Wołodymyr Zełenski to dość kontrowersyjna postać w świecie polityki. Ten, kto, choć w pewnym stopniu interesuje się sprawami politycznymi świata pamięta, jak wiele kontrowersji wzbudziło pojawienie się kandydatury Zełenskiego w wyborach prezydenckich w 2019 roku. Niemniej jednak, jak sama autorka pisze w książce „Walka naszego życia” korupcja w Ukrainie w politycznym świecie była na zaskakująco wysokim poziomie. Ludzi powoli zaczęło to przerastać, przestawali sobie radzić z wpływami rosyjskich oligarchów w ich życie, dlatego potrzebowali pilnie zmian. Wybierając w drugiej turze wyborów osobę, która powszechnie miła opinię komika okazali swój bunt przeciwko temu, co dzieje się w ich kraju. Szczególnym podkreśleniem tego, jak bardzo dla ludzi miarka się przebrała jest miażdżąca przewaga, którą Zełenski uzyskał w drugiej turze, gdyż zyskał ponad siedemdziesiącio procentowe poparcie, co chyba dla wszystkich było niemałym zaskoczeniem. Autorka w książce opisuje trwanie tuż obok nowo wybranego prezydenta, bycie w centrum wszystkich wydarzeń. Dokładnie opisuje moment wybuchu wojny, co wtedy robiła i w jakim zaskoczeniu była. Bo, mimo iż od dłuższego czasu mówiło się o tym, że Rosja chce zaatakować Ukrainę i ludność w Ukrainie była na to w pewnym stopniu przygotowywana, to tak naprawdę nikt nie dopuszczał myśli, że atak Rosji na Ukrainę może stać się faktem. Każdy starał się o tym nie myśleć, jak o czymś realnym. Dlatego też, chociażby w dniu 24 lutego 2022 roku, w dniu wybuchu wkroczenia wojsk Rosyjskich do Ukrainy, nawet nie byli zorientowani, gdzie znajdują się schrony, mimo iż wszyscy dostawali broszury zawierające takie informacje. Autorka wraca wspomnieniami do momentu, gdy już w trzeciej dobie rosyjskiej inwazji Zełenski nie skorzystał z możliwości ewakuacji z kraju, a nagrał i opublikował w sieci filmik wraz z przedstawicielami najwyższych władz, wprost z Kijowa.

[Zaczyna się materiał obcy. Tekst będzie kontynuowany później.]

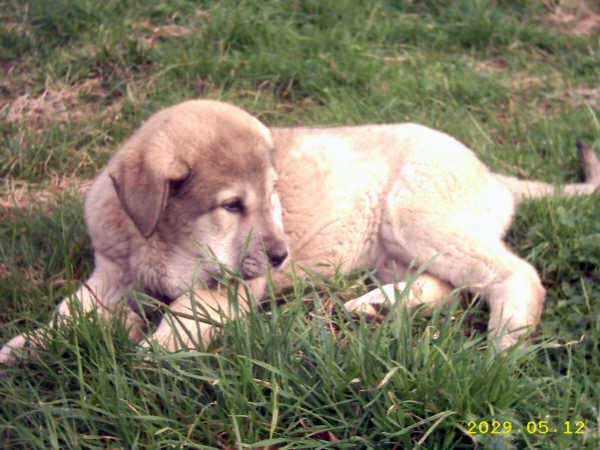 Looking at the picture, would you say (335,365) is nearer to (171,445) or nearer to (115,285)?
(171,445)

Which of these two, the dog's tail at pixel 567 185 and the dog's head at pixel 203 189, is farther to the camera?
the dog's tail at pixel 567 185

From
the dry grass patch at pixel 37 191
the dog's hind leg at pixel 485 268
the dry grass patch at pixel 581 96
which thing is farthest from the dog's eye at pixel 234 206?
the dry grass patch at pixel 581 96

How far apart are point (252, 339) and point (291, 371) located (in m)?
0.21

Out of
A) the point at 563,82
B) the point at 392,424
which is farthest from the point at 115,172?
the point at 563,82

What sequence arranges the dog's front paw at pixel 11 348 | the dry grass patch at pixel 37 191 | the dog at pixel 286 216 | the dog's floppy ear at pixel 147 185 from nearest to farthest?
the dog's front paw at pixel 11 348
the dog's floppy ear at pixel 147 185
the dog at pixel 286 216
the dry grass patch at pixel 37 191

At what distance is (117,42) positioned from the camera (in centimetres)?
606

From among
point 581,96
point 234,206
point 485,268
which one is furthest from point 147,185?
point 581,96

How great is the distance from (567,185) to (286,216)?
1793mm

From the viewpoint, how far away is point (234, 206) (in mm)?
3549

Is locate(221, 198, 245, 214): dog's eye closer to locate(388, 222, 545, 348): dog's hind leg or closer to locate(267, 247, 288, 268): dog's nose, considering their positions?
locate(267, 247, 288, 268): dog's nose

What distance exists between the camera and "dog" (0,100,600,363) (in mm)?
3447

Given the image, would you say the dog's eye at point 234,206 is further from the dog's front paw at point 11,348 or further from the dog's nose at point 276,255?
the dog's front paw at point 11,348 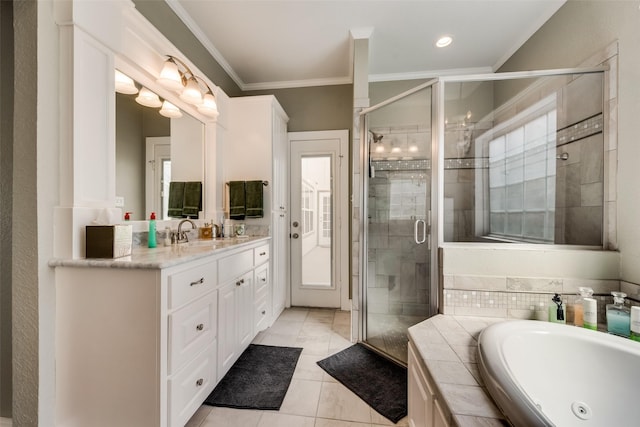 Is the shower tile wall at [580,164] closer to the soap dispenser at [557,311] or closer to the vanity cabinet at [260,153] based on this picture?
the soap dispenser at [557,311]

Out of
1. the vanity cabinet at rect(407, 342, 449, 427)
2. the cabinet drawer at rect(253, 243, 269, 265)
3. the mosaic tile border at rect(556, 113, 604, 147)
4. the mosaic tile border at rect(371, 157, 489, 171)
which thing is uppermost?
the mosaic tile border at rect(556, 113, 604, 147)

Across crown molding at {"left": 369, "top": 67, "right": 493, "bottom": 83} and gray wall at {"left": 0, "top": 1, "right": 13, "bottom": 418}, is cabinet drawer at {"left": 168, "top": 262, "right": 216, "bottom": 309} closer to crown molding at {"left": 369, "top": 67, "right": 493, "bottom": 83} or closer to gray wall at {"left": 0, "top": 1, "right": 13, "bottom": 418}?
gray wall at {"left": 0, "top": 1, "right": 13, "bottom": 418}

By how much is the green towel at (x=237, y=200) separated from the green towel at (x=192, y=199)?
31cm

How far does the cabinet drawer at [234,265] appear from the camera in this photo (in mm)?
1552

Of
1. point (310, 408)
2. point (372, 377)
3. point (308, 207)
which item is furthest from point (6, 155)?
point (372, 377)

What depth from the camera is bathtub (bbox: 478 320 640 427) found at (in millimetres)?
981

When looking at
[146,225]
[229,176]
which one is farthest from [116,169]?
[229,176]

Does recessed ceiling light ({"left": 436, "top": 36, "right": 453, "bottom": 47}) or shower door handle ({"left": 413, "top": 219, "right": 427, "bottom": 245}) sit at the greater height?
recessed ceiling light ({"left": 436, "top": 36, "right": 453, "bottom": 47})

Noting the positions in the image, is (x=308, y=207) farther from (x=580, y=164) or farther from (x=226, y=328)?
(x=580, y=164)

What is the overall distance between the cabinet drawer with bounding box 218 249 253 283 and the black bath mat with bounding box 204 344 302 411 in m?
0.69

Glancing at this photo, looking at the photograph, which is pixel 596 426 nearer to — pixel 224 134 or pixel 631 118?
pixel 631 118

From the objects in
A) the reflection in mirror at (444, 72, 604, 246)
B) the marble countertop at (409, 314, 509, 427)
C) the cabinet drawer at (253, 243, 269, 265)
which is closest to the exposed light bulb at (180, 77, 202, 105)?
the cabinet drawer at (253, 243, 269, 265)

Zełenski zyskał jeszcze większą sympatię, a o nim usłyszał cały świat. Nie każdy zdobyłby się na tak stanowcze kroki, pozostanie na czele swojego kraju i bronienie go, nawet kosztem własnego życia, mając możliwość znalezienia bezpiecznego miejsca dla siebie i swoich bliskich. Autorka podkreśla również, jak wielką rolę odegrała żona prezydenta – Ołena Zełenska, która także zdecydowała się na pozostanie w kraju, w którym z każdym kolejnym dniem wojna rozprzestrzeniała się na jeszcze większą skalę. Julia Mendel podkreśla, że pierwsza dama wykorzystywała wszystkie swoje możliwości, aby nieść pomoc, wspierać ludzi i ułatwiać im możliwości ewakuacji z zajętych terenów. Ona, podobnie jak jej mąż, nigdy nie uciekła przed wojną, mimo iż ta niosła ogromne zagrożenie, także dla jej rodziny, która jest na celowniku wroga.

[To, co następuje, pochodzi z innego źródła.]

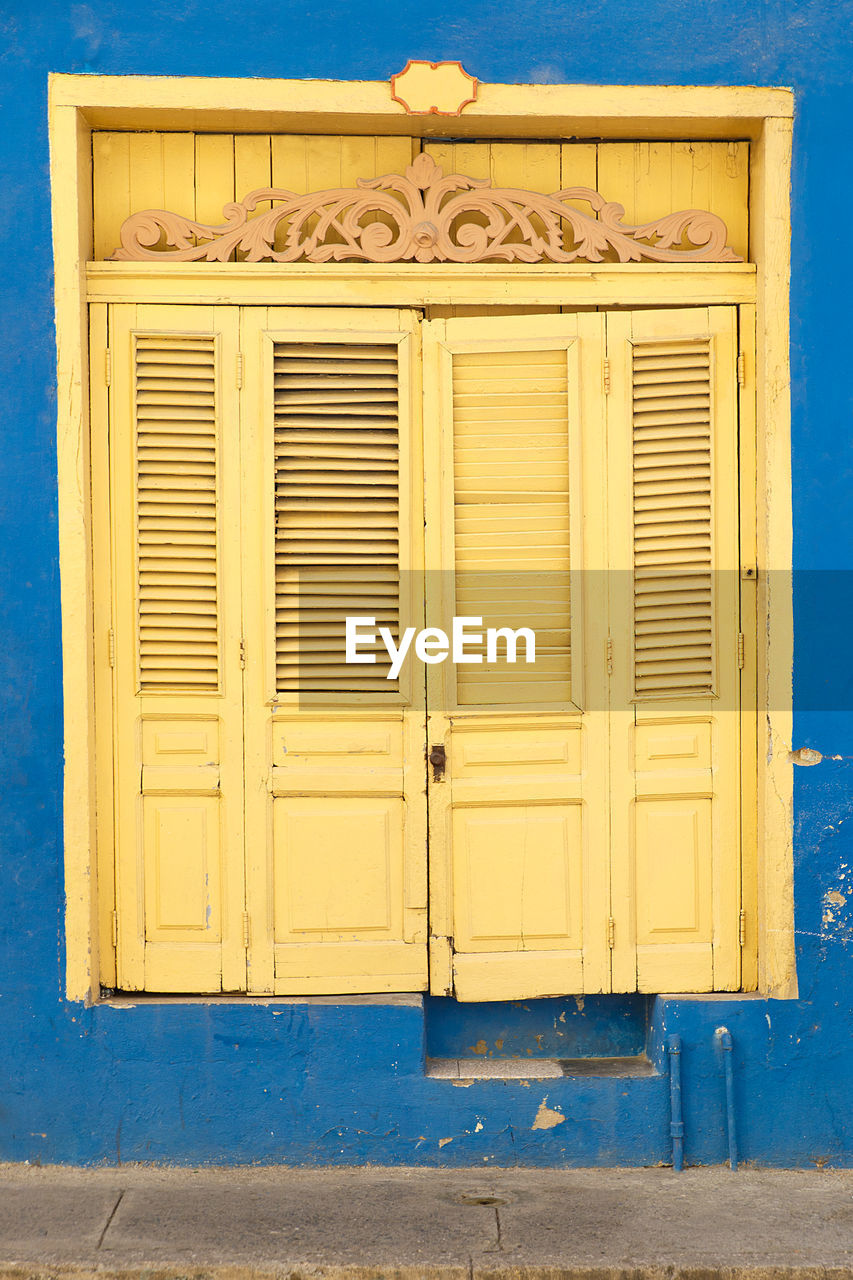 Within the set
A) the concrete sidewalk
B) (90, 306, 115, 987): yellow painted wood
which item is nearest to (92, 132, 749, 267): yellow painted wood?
(90, 306, 115, 987): yellow painted wood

Książka, która w dzisiejszych, trudnych czasach zyskuje inny wymiar, pokazuje obraz człowieka, który się nie poddaje, ryzykuje własne dobro dla dobra kraju. Walczy ze wszystkich sił i szuka wsparcia dosłownie wszędzie.
Książka jest wspomnieniami, które Julia Mendel spisała w rozdziałach w bardzo ciekawy sposób. Ja dosłownie pochłonęłam książkę z wielkim zaciekawieniem, bo to temat, który jest tuż obok i nie mogę przejść obok niego obojętnie.